- **What is expected**: All lines below containing "perfekt" are to be listed.

(Records from a data source)
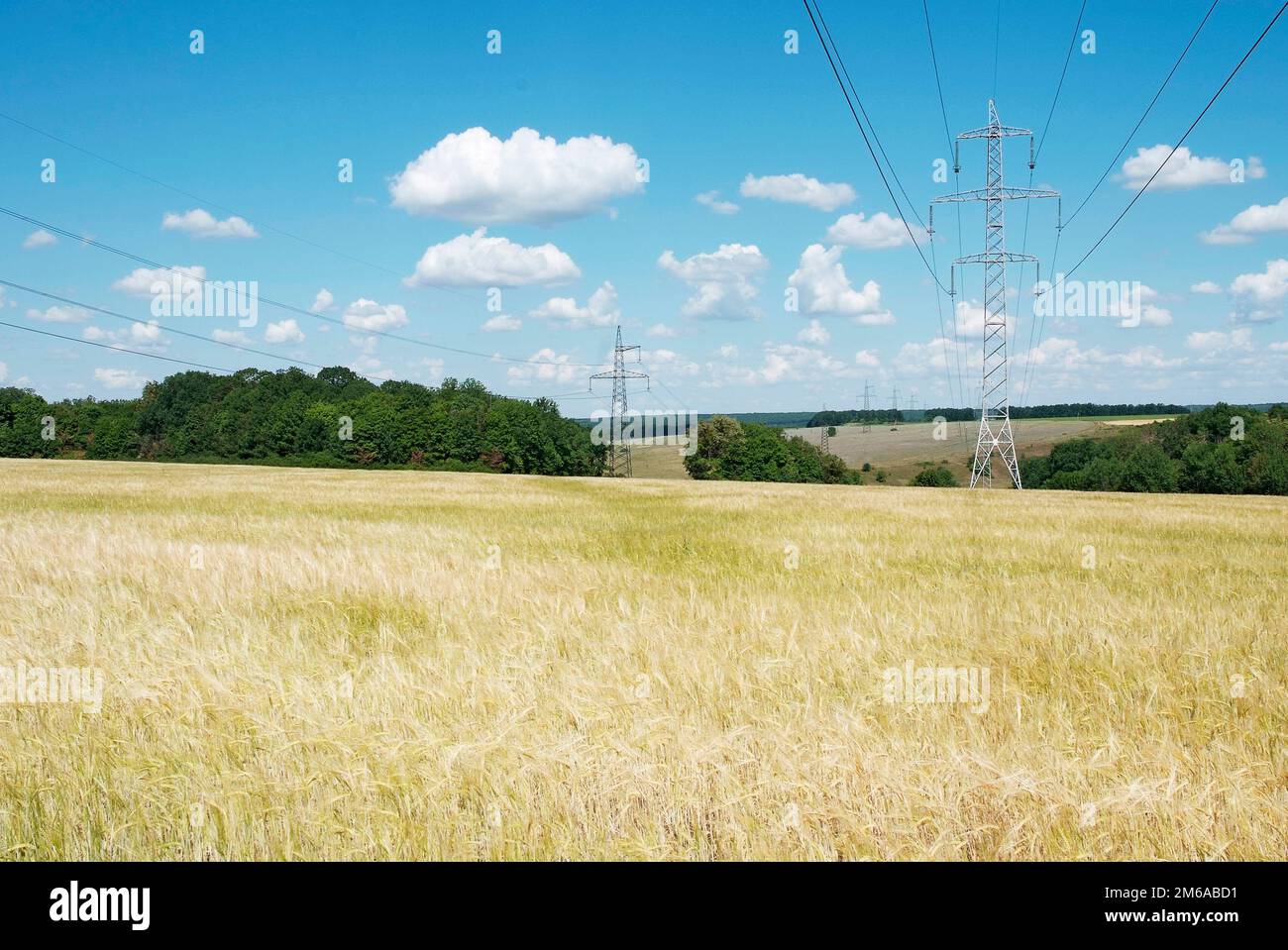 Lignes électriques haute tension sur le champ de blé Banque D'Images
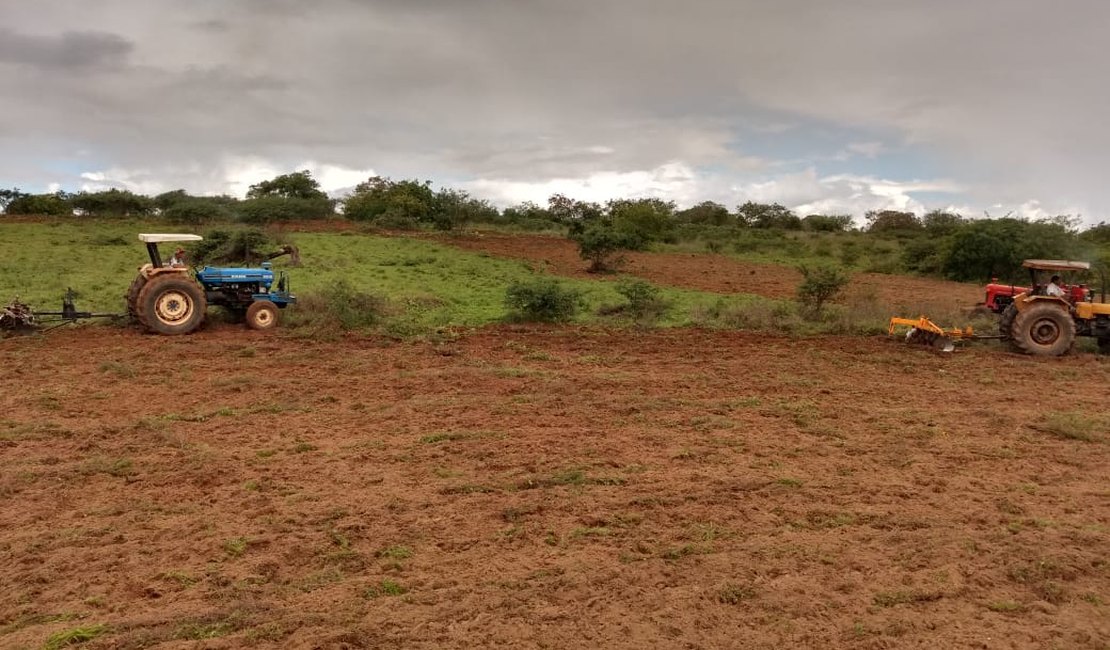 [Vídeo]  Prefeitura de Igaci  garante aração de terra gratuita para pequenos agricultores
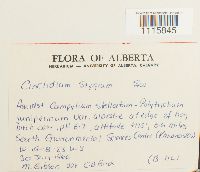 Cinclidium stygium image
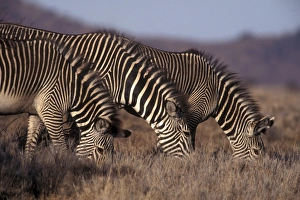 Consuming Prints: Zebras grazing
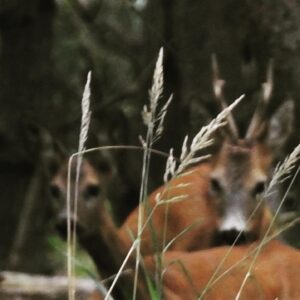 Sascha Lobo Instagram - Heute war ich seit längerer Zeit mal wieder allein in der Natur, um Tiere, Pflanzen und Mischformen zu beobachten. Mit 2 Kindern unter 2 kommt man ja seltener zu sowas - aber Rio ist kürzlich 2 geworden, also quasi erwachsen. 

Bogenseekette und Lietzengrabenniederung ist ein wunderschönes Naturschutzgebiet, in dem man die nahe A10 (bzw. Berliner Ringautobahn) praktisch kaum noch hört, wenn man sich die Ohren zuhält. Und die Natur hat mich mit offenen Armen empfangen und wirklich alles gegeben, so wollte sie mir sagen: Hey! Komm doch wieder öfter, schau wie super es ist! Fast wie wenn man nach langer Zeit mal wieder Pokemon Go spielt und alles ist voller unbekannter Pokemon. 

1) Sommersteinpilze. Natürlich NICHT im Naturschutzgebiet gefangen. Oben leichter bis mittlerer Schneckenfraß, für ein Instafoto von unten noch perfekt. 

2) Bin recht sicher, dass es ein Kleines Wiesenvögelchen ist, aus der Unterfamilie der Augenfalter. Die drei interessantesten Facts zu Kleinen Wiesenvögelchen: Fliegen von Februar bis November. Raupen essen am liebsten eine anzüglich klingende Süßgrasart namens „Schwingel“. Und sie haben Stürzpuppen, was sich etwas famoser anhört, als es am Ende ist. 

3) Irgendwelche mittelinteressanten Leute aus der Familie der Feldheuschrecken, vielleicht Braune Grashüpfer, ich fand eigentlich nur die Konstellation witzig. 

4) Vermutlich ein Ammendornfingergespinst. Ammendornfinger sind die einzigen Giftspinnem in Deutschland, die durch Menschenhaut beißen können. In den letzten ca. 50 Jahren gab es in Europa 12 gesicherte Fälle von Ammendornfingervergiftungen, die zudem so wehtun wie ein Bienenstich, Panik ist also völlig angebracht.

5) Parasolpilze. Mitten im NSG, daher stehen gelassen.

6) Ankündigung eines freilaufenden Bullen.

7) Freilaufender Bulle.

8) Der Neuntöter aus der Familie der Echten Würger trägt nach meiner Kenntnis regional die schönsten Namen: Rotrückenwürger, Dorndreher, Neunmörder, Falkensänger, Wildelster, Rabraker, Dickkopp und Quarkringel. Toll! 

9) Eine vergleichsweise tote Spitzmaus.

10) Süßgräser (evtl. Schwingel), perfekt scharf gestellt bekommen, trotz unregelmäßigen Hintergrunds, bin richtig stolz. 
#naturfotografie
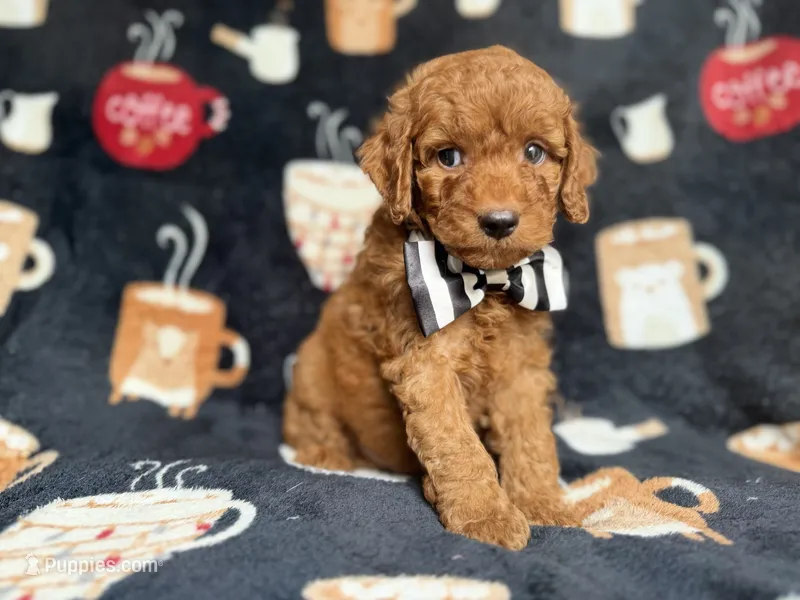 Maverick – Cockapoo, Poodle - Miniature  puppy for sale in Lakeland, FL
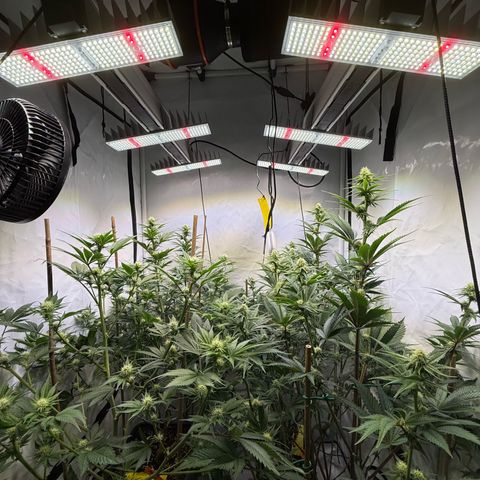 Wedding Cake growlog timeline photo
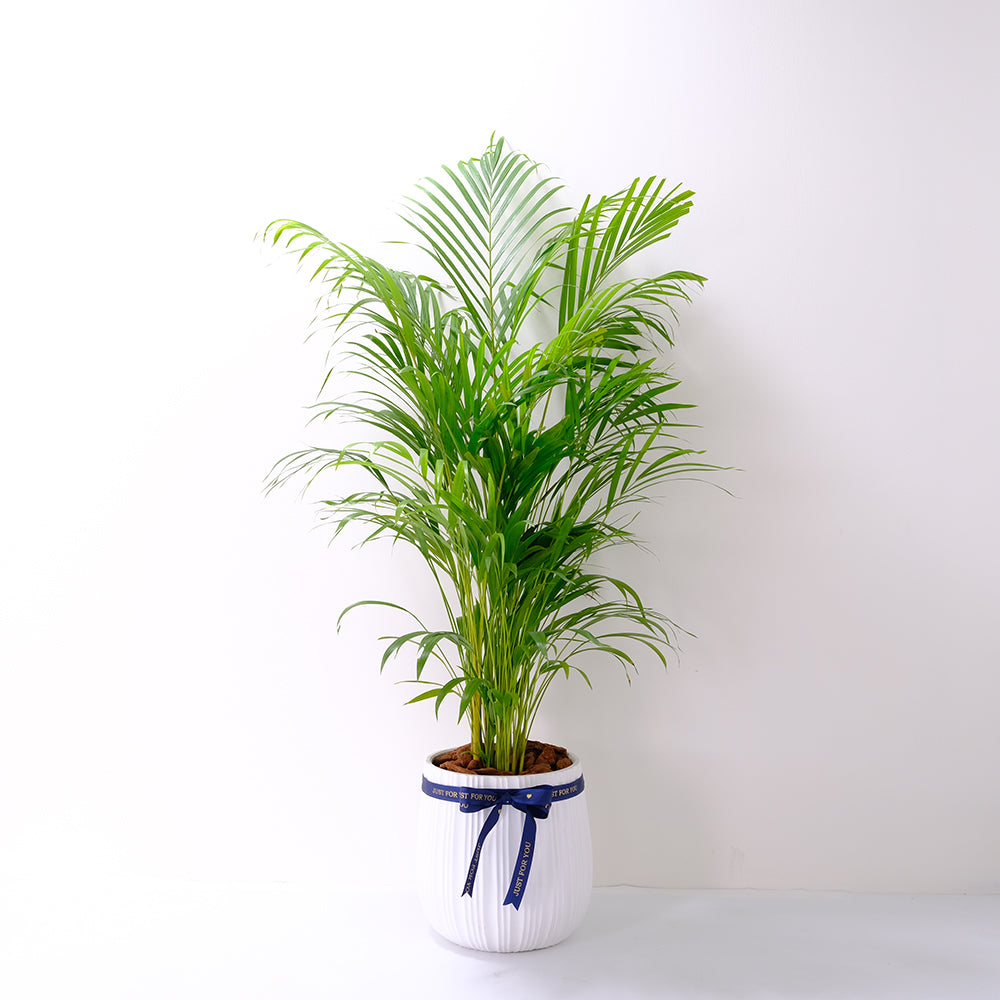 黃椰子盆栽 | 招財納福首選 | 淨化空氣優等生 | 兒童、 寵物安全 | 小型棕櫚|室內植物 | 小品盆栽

- **Solution to the exercise**:
1) Sommersteinpilze. Natürlich NICHT im Naturschutzgebiet gefangen. Oben leichter bis mittlerer Schneckenfraß, für ein Instafoto von unten noch perfekt. 
10) Süßgräser (evtl. Schwingel), perfekt scharf gestellt bekommen, trotz unregelmäßigen Hintergrunds, bin richtig stolz. 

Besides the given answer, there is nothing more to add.